Посмотрим теперь на отобранные нами синонимы дождя по данным современных вышеназванных словарей русских говоров. Ниже приводятся две разные картины, которые встречаются в орловских и архангельских говорах. Фактически это две своеобразные классификации дождя, данные в значениях отдельных слов.
В орловской интерпретации дождь бывает такой:
сильный дождь – водопад, дожжевина;
мелкий моросящий дождь – ситник;
мелкий дождь с сильным встречным ветром – сечка;
затяжной дождь – обкладень;
кратковременный дождь – пугач;
наклонный дождь – косохлест;
дождь с громом – громовник;
грибной дождь – припарок;
дождь в конце июня – огуречник;
дождь во время сенокоса – сеночной.
Архангельские говоры несколько по-иному представляют это же атмосферное явление:
сильный дождь – заливень;
мелкий моросящий дождь – бусик;
затяжной дождь – дожжовье, обложник, окладник;
теплый дождь – парун;
теплый грибной дождь – обабочник;
мелкий продолжительный дождь во время сенокоса – погной.
Как видно, и представления о разных видах дождя здесь не совпадают, и названия для совпадающих разновидностей дождя в каждом случае свои. Ничего подобного нет в той картине, которую нам показывает современный литературный русский язык. Конечно же, указать на тот или иной тип дождя можно, добавляя соответствующие прилагательные (крупный, мелкий, обложной, проливной, тропический, частый, грибной и т.п.), глаголы (дождь может идти, моросить, накрапывать, лить, сеять, припускать и т.п.) или даже используя устоявшиеся фразеологические сочетания (льет как из ведра; льет, словно небо прорвало и др.). Но при этом важно, что в литературном языке отсутствуют отдельные существительные, именующие те понятия, которые представлены в говорах или диалектах.
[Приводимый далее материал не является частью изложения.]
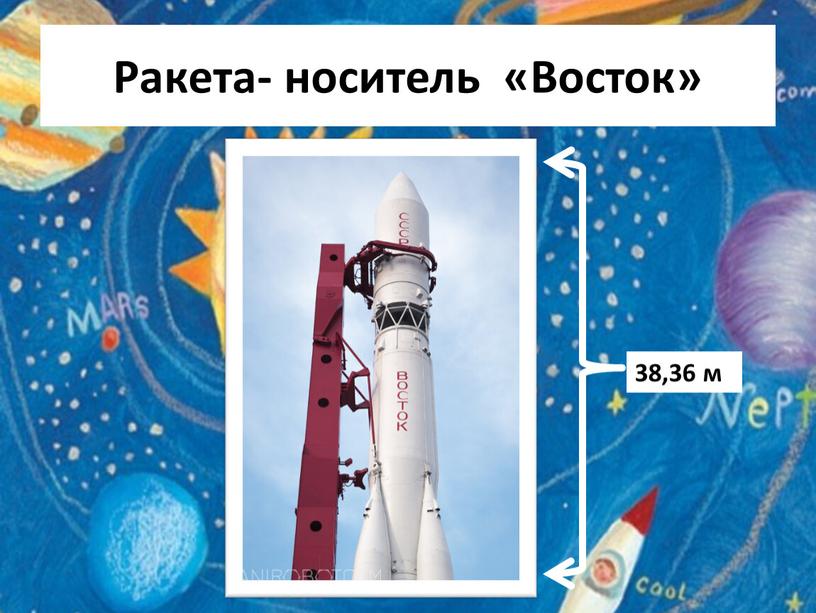 Ракета- носитель «Восток» 38,36 м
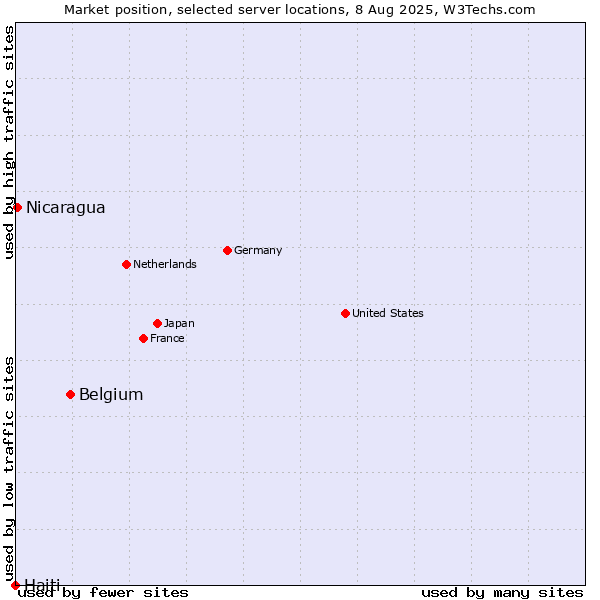 Market position of Belgium vs. Nicaragua vs. Haiti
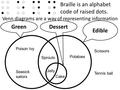 Braille is an alphabet code of raised dots. Venn diagrams are a way of representing information Edible Green Poison Ivy Dessert Seasick sailors Sprouts.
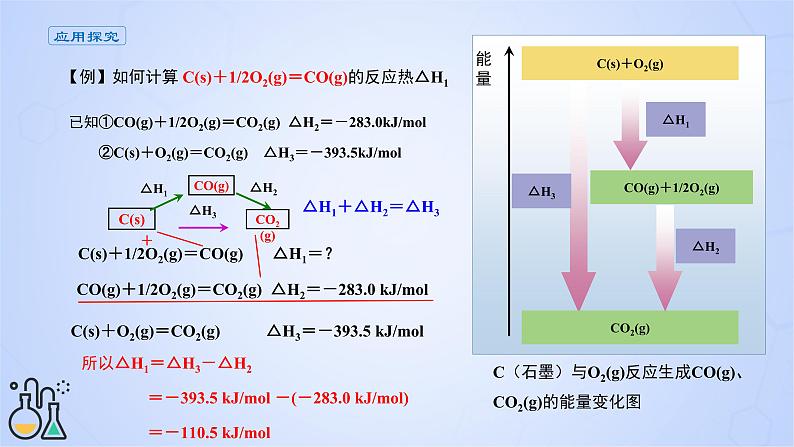 人教版高中化学选择性必修1 1-2《反应热的计算》（盖斯定律与反应热的计算）课件第5页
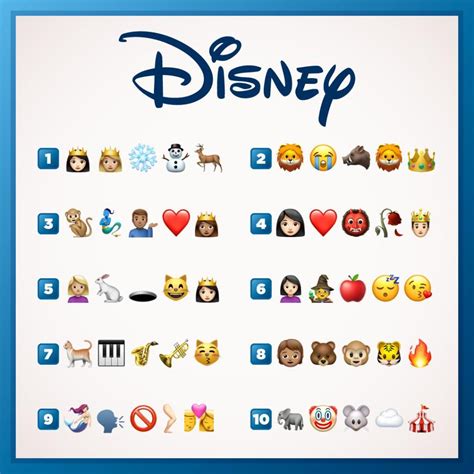 Disney con emojis | Skattejagt, Jul, Lege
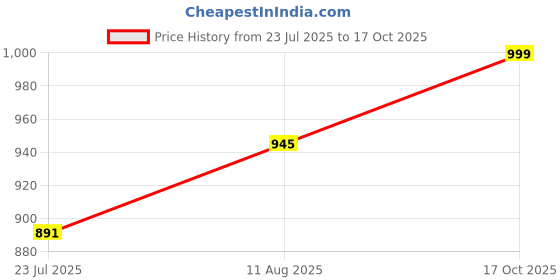 tatacliq.com DOLCE CRUDO Black Denim Above Knee Skirt dolce crudo Price History Graph from 23 Jul 2025 to 17 Oct 2025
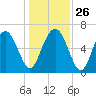 Whale Branch entrance tide chart for Friday, December 26, 2025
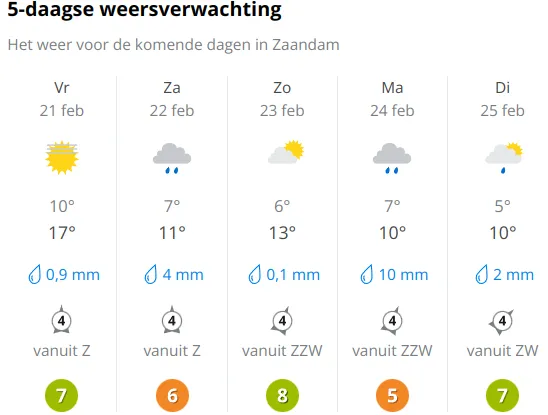 Bron: Weer Online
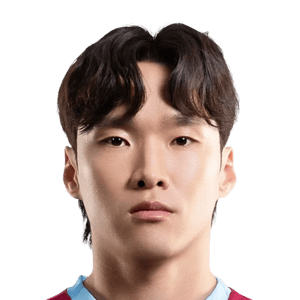 Kim Han Gil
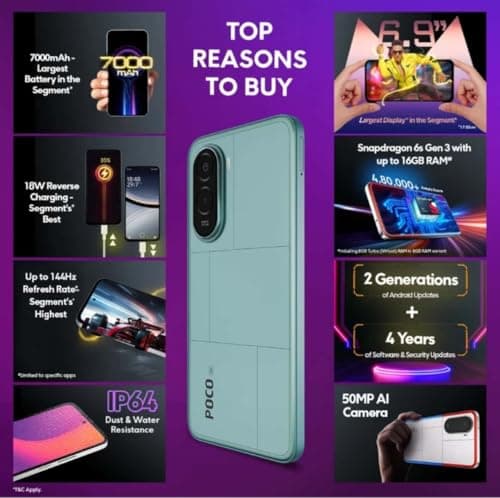 POCO M7 Plus 5G, Aqua Blue (8GB, 128GB) 5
Это утверждение справедливо и для огромного числа других понятий и слов, их называющих. Так, ветер в орловских говорах бывает:
очень сильный – ветрило, ветродуй;
сильный с дождем и градом – валун;
встречный – противник;
попутный – поветер;
теплый летний – летник;
холодный осенний – осенник;
северный – северка;
восточный – астраханец.
Архангельские же говоры дают чуть более разнообразную картину для описания видов ветра:
очень сильный – ветренье;
сильный осенний – листодер;
встречный – противняк;
холодный – свежун;
ветер с моря – моряник;
ветер с берега – побережник;
северный – засиверка, сиверко;
северо-восточный – полуночник, заморозник;
южный – обеденник;
западный – западник.
Как видно, эти классификации ветра, данные в значениях слов вышеназванных говоров, не всегда последовательны и логичны (например, почему в первом случае есть свои названия для северного и восточного ветра, а для западного и южного нет), проведены на разных основаниях (учитывается то направление ветра, то его сила, то время года, в которое он наблюдается и т.п.), выделяют разное число видов ветра, причем в некоторых случаях есть и синонимы. Если же попытаться дать сводную картину по самым разным говорам русского языка, то она окажется еще более пестрой и многообразной. Помимо названных ранее видов ветра другие русские говоры (в дополнение к ним) выделяют:
сильный ветер – ветриво (донск.), ветрогон (краснодарск.), ветренье (онежск.), вихряк (свердл.);
легкий ветер – ветрик (смоленск.), ветрышек (олонецк.), наветерь (псковск., тверск.);
холодный пронизывающий ветер – сибиряк (астраханск.), стужай (владимирск.);
холодный зимний ветер – зимарь (новгородск.);
вихрь – кружень (владимирск.);
боковой ветер – колышень (сибирск.);
ветер с озера – озерик (беломорск.);
ветер, относящий лед от берега моря, - относ (каспийск.);
ветер с верховьев реки – верховик (иркутск., сибирск.);
ветер с низовьев реки – низовик (красноярск.), низовец (говоры Коми), низовка (иркутск., сибирск., донск.);
ветер, дующий параллельно берегу, - косыня (владимирск., волжск.);
утренний ветер – зарник (енисейск.);
ветер, приносящий дождевые тучи, - мокряк (новгородск., псковск.).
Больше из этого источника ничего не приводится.